The Rams’ draft methodology needs some untangling to understand from the outside, especially after the Rams this week traded 2022 second- and third-round picks to the Denver Broncos for Von Miller, one of the best outside linebackers in the league. The team’s trades have left the Rams without any first-round selections until 2024 and only four picks in the next draft, the earliest of which is in the third round.
“You have to be aware of what window you’re in,” Snead said.
Even before Miller’s arrival, the Rams (7-1) were viewed as a Super Bowl favorite, with a defensive unit that leads the league in sacks (25). The trade made clear that Los Angeles, which will host the Super Bowl in its home stadium this season, is in “win-now” mode.
But the team’s willingness to give up draft capital limits its ability to extend that window in the cheapest way possible — by developing players into starters while they are on rookie contracts.
Since trading up 14 spots to select quarterback Jared Goff with the No. 1 overall pick in 2016, Snead and the Rams’ front office have frequently doled out draft picks to other teams to poach their best assets. They reached the Super Bowl in the 2018 season with Goff, then tried to build around him through trades, most notably acquiring cornerback Jalen Ramsey in 2019 from the Jacksonville Jaguars in exchange for picks, including two in the first-round that year.
When it became clear Goff would not lead Los Angeles back to the championship game, Snead netted Stafford by packaging Goff’s contract with picks, including two in the first round.

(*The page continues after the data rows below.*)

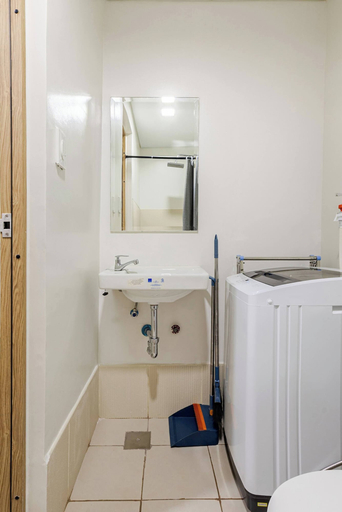 Bathroom 5, Near SM BF & Shopwise Slex Accessible 2BR for 4, Parañaque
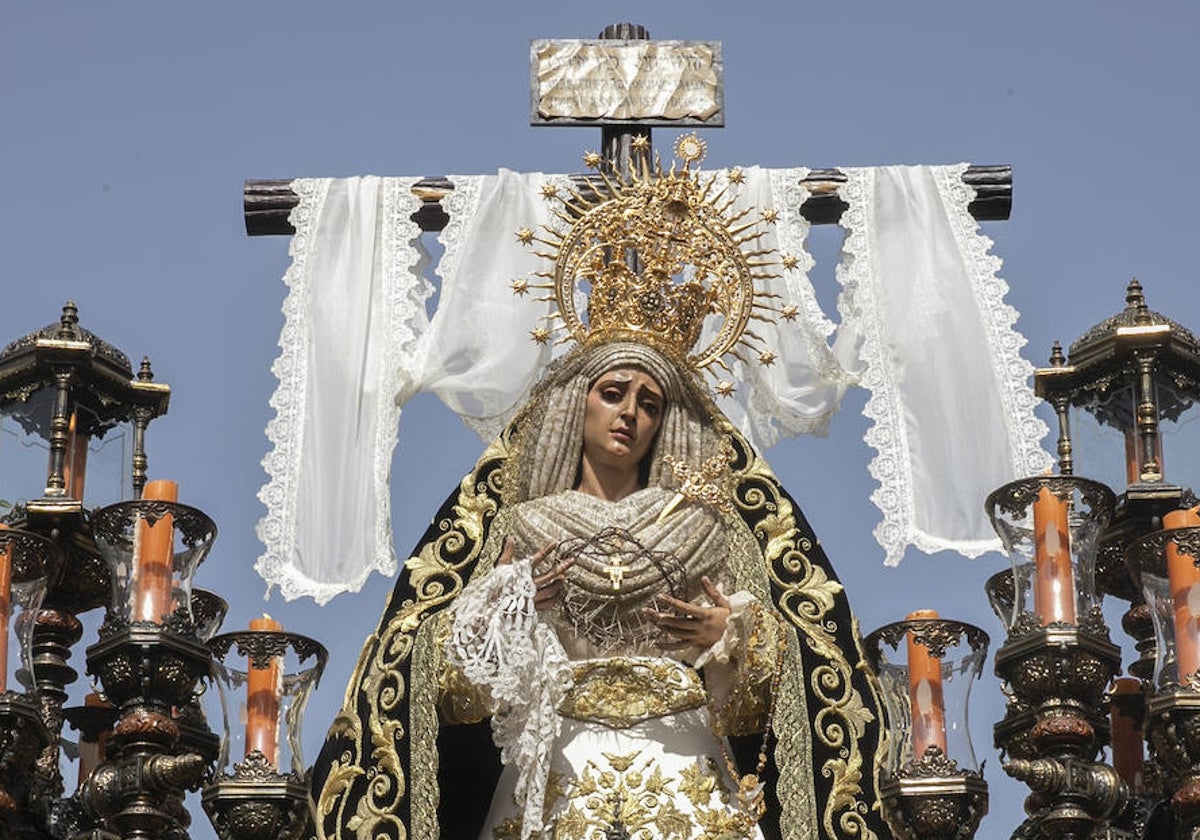 La Virgen de la Soledad, en su paso procesional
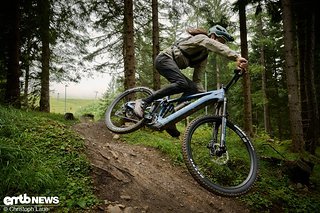 Gutes noch besser machen – das ist Pivot mit dem neuen Shuttle AM 2026 gelungen. Detailveränderungen machen das E-Bike zum absolut sorglosen Begleiter, der sich eher anfühlt, wie eine Erweiterung des eigenen Körpers. Gutes noch besser machen – das ist Pivot mit dem neuen Shuttle AM 2026 gelungen. Detailveränderungen machen das E-Bike zum absolut sorglosen Begleiter, der sich eher anfühlt, wie eine Erweiterung des eigenen Körpers.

Stafford and Ramsey were top-five selections in their drafts, and the Rams have not been willing to lose enough to be in contention to draft that high. Snead said it has been more valuable to trade picks that would probably have landed in the mid-20s to acquire proven players.
“The neat thing about doing it this way is that you’re not guessing,” Snead said. “The player has lived up to his draft status.”
There is no mystery about how Miller, the No. 2 overall pick in 2011 and an eight-time Pro Bowl selection, will be expected to perform. The Super Bowl most valuable player in the 2015 season, he has 110½ sacks in his career and four and a half this season. His presence on a defense with Ramsey and tackle Aaron Donald will further complicate offensive coordinators’ game scripts and should alleviate double teams of Donald.
The Rams last week traded a starting linebacker, Kenny Young, to the Broncos to free space under the salary cap. Rams Coach Sean McVay told reporters last month that he initially did not think the team would make a splashy move before the trade deadline on Tuesday, but he and Snead pounced on the possibility of trading for Miller.
“I love the fearlessness, I love the aggressiveness, and that philosophy has been kind of evolving and ongoing,” McVay told reporters on Monday of his relationship with Snead.
“We’re not afraid of whatever those consequences are because we’re going to attack the opportunities to be successful,” he added. “That’s the mind-set I think we have as an organization, as a team and in our building.”
Snead and McVay balked at the idea that the team’s aggressive trade approach meant the organization did not see value in the draft.
“We still believe in it, and we feel like you can use it in a very particular way depending on the options we have,” Snead said.
The Rams have been able to find contributors in later rounds, which they attribute to their scouts finding underrated players and their position coaches developing them.
The team’s top receiver, Cooper Kupp, a third-round selection in 2018, leads the league in catches (63), yards (924) and touchdowns (10). Receiver Van Jefferson and running back Cam Akers, who tore his Achilles’ tendon before training camp, were second-round picks in 2020.
“There is a formula to a lot of the things that we’re doing behind the scenes,” McVay said. “There’s a vision in place. And we feel like it fits for us, and it might not be for everybody.”